We spent the last week of June in the Loire Valley, France, in a city (but felt more like a town) called Saumur. I’ve not seen a massive amount of France, which I guess is quite strange for someone living in England. Having had Elohdi living out there for the past 8 years trips have usually involved visiting her so I’ve been to Paris maybe more than most, and spent time in and around Nantes.
So when I met Chris just over 2 years ago and he made it clear that his idea of holiday bliss is driving to France it was inevitable that one day, the roadtrip would get planned. I took a huge step out of character and left the route, destination and overall control to him and we booked a week in a mobile home in Saumur.
Famed for it’s fizzy wine, I knew very little else about the area until a few weeks before we left when Elohdi told me that there was, amongst other things, a plate museum, a tank museum, and some mushroom caves? So I packed 3 books and hoped for the best.
After an incredibly long drive, not helped by the fact that we had driven to Dover through the night on Friday, we arrived at Flower Camping in Saumur, greeted by several people driving around on vintage bikes with fake moustaches and stripy shirts on. No, it wasn’t all the stereotypes I’d ever come across being realised, it was Anjou Velo Vintage, the annual festival of all things vintage cycling that was taking place in the town that weekend. Seeing people handle their bikes so well made me realise that one of the things on my mental itinerary was probably not going to happen that weekend. Two people who don’t cycle in the UK shouldn’t assume that being in France automatically makes you able to do it well, especially when one hand is holding a French stick.
The mobile home was perfect, exactly how a caravan should be, terrace with garden furniture, miniature bedrooms, and most importantly, a fridge for the 40 beers we’d bought at the supermarket as a matter of priority on arrival.

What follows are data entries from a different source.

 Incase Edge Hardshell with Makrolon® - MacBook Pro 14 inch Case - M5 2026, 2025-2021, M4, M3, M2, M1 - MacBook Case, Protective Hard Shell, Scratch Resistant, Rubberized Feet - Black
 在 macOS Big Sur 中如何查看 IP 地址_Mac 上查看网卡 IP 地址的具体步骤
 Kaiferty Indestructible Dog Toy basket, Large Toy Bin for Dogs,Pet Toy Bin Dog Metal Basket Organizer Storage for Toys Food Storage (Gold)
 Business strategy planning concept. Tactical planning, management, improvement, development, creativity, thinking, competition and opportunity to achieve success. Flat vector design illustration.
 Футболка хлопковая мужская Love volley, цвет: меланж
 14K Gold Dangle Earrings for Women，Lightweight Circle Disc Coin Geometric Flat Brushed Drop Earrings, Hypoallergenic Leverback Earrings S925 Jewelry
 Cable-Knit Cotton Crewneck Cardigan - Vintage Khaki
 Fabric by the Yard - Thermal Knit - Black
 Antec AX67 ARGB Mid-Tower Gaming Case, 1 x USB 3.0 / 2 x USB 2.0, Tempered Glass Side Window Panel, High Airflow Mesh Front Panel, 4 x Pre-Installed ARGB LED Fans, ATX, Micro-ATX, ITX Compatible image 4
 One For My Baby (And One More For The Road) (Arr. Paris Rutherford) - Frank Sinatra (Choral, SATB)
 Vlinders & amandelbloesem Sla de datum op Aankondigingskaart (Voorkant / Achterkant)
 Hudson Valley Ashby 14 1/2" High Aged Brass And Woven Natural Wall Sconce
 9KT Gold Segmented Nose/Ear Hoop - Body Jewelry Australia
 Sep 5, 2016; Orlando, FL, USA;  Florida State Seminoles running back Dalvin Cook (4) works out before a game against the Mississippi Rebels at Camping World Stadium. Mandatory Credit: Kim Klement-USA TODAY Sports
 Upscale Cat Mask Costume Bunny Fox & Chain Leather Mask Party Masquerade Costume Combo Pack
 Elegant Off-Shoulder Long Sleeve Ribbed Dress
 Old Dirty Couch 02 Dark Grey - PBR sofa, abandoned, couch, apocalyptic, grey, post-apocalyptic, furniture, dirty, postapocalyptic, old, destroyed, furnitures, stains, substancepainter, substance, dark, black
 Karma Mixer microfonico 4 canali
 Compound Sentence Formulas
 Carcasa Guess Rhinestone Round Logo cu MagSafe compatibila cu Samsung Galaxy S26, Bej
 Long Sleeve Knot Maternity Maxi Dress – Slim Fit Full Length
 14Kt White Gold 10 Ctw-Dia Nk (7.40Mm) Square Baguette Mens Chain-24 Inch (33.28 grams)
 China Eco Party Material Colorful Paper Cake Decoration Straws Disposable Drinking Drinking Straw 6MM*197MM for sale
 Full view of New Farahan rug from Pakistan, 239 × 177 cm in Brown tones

My first thoughts of the place were that it seemed a very relaxing place to spend a week. It’d chucked it down all the way there, torrentially in parts, and I was relieved I’d brought all the books. But by the second day there the sun was well and truly out, and well and truly relax we did.
The campsite had a pool complete with loungers, and we spent 3 days doing not a lot more than graze on ham, cheese, pate and bread, drink stubbies and re-apply suncream. I also started ‘Gone with the wind’ which became slightly consuming and is now proving a bit of a bind now I’m back at work. 984 pages is a lot of pages.
I was amazed by how quiet the site was, though given that it’s the second week of July now and temperatures are close to 30C as the summer holidays approach, I imagine that the holidayers who we met spending their retirement in their camper vans will have moved on, leaving the place swarming with kids. It catered for all kinds of camping too, small tents met huge Winniebagos which were absolutely amazing and inspired a lot of jealousy, and there were a variety of different mobile homes for those wanting the in between.
The town itself was pretty but not as big as I expected, sat under the hill which housed the Chateaux. Having reached the decision early on that we wouldn’t be paying good money to look round any of the aforementioned museums, we also gave the Chateaux tour a miss…seen as we could see it from our mobile home it seemed unnecessary to pay to look round it when we could just look at it from our seat in the sun.
We made the journey into Nantes to see Elohdi and family, and then came home the VERY long way, the touristic route apparently, driving through pretty little villages and towns, windmills, vineyards and Chateaux’ as a pre-requisite, before picking the river back up to come back to Saumur. I still can’t get over how easy it is to navigate the roads over there, you know what road you’re on and where it’s going, pretty much constantly, can’t really say that for over here!
Our last day was pretty overcast, so we managed to get free tickets to go and look round one of the wineries, which involved a 30 minute tour of the underground galleries. 4 million bottles of wine down there. Amazing. This was rounded up with tasting of 4 different fizzy wines, including a fizzy red which was pretty good considering it sounds hideous.
All in all, despite our leisurely approach to getting to see the area, I think I got a pretty good feel for it. It was chilled, the town was pretty calm to say it is officially a city, and walking around on the couple of nights we decided to eat something different than ham for a meal felt perfectly comfortable. We had two amazing meals in the medieval square, and even got live music on the last.
And of course, there was more than a couple of my favourite French thing, the oranges and fire. God love Cointreau.
Having been back 8 days I’ve already forgotten the very long drive, to the point that I’d even consider adding on more mileage next time. It was the place where the Winniebago plans were laid, and I now have written documentation of how long this could take to happen.
I’d recommend it to anyone looking for a relaxing week in the sun, nice food, and a great site, and if you’re into cycling then it’s perfect as the place is surrounded by trails. Great week feeling more relaxed than I have in a while. Definitely would say a week is long enough though. Next stop, Budapest.